Worthy: Yeah, I think that also goes back to what you said, you were able to connect with the poor white people just based on like those circumstances, [Pernell: Mmm hmm.] and you could provide compassion towards them because you have the shared experience. But that also relates to this impostor syndrome, right? Like where, at least in my work as a therapist, I can be frank, you know, like, you know, it's yes, a huge part of the work is about relationships. And so I hear a lot of different things, but it's about finding, even if you can't connect with the person, right, it's about finding that one thing that you can empathize with them, right, like whether it's, you know, being lonely or being feeling really down feeling hopeless, or just having this imposter syndrome. Like that's something that we all share that we all struggle with. And I think like what you mentioned, is just being able to be kind to yourself and normalize it. [Pernell: Mmm hmm.] I think that's just the huge thing with impostor syndrome. Like everyone feels this. All people feel it, all genders all, you know, all races, we all struggle with it, but it's something I know, we're jumping into a new topic here, but I do think is relevant to just a trajectory of like, you know, your, your experience as a student. And it also does relate to my experience, because I remember, before we started, we were talking about like, oh, how can I say this? And you were like, see, see that? [both speakers laugh] You know, I was nervous and feeling like, you know, am I gonna be good enough for this? and stayed, you know, prepared all week, all yesterday. But you're right, like, I think we all at some point feel like impostors, [Pernell: Yeah.] I've learned to accept it and just kind of move on. But that's the way I show compassion towards myself just kind of validate. You know, it's coming up for me. But here's all these things that I've done. The end of the day, I still work at Columbia. And I'm like..

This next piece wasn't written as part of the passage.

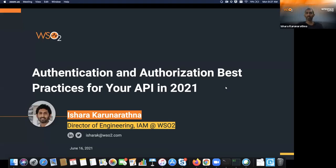Hello everyone, welcome to the session. I am Sharakhand Arathna, Head of Engineering in WSO2 Identity Server.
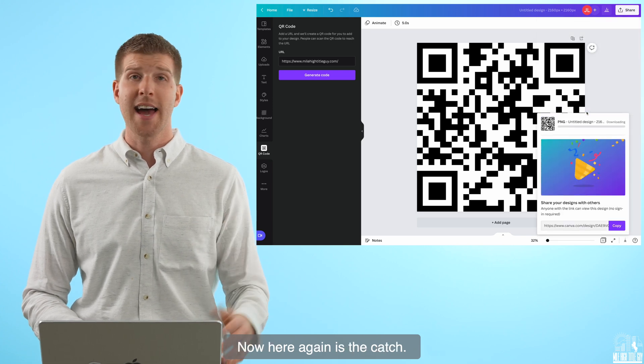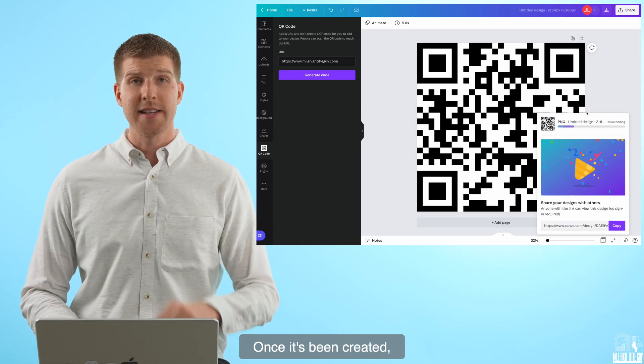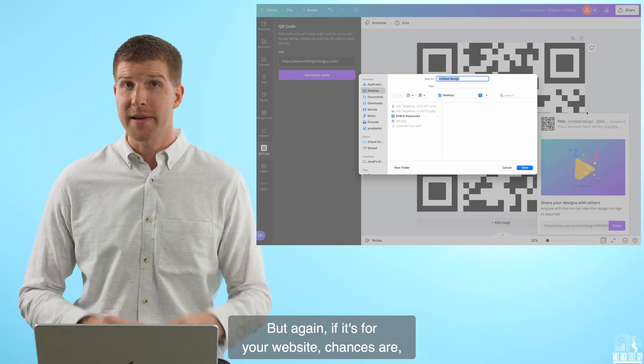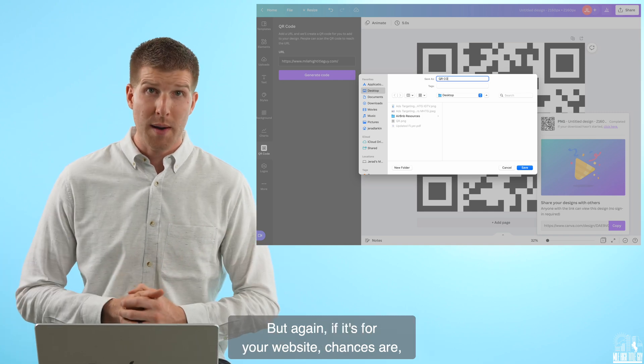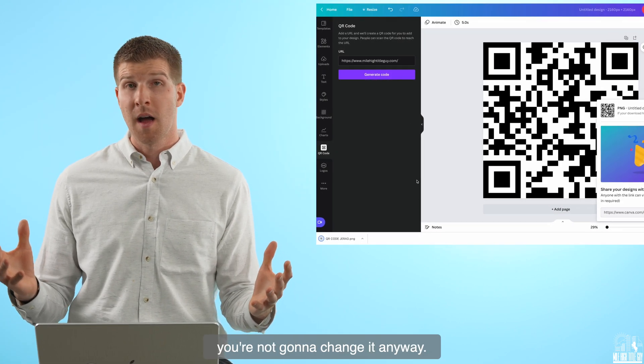Now here again is the catch — once it's been created, you can't change the website later on. But again, if it's for your website, chances are you're not going to change it anyway.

Pernell: That's it. [Keoshia Worthy: Yeah.] That's it. I mean, I thought that one of the best ways that I thought I read about sort of dealing with it is treating it as like a guest at a dinner table [Worthy: Oh, I like that.] And it's like, "Hi, imposter syndrome. I see you, you can have a seat. Now, you're not gonna dominate the conversation, but I recognize you're there. And I'm not gonna pretend like you aren't there." But there are other affirming and productive emotions, also at the table, and I'm going to focus my time and attention on that. And so, yeah, you know, we I've accepted that it's sitting at a lot of people's dinner tables. Yeah.

Worthy: I think it's probably sitting with us right now [both speakers laugh].  We see you impostor syndrome [both speakers laugh]. [Pernell: Right].  Okay, so my next question and I guess this is more related to racism-related stress, and I think this ties in to being able to whether that be show compassion towards yourself or to other people, do you think is, well at first have you ever experienced any racism-related stress?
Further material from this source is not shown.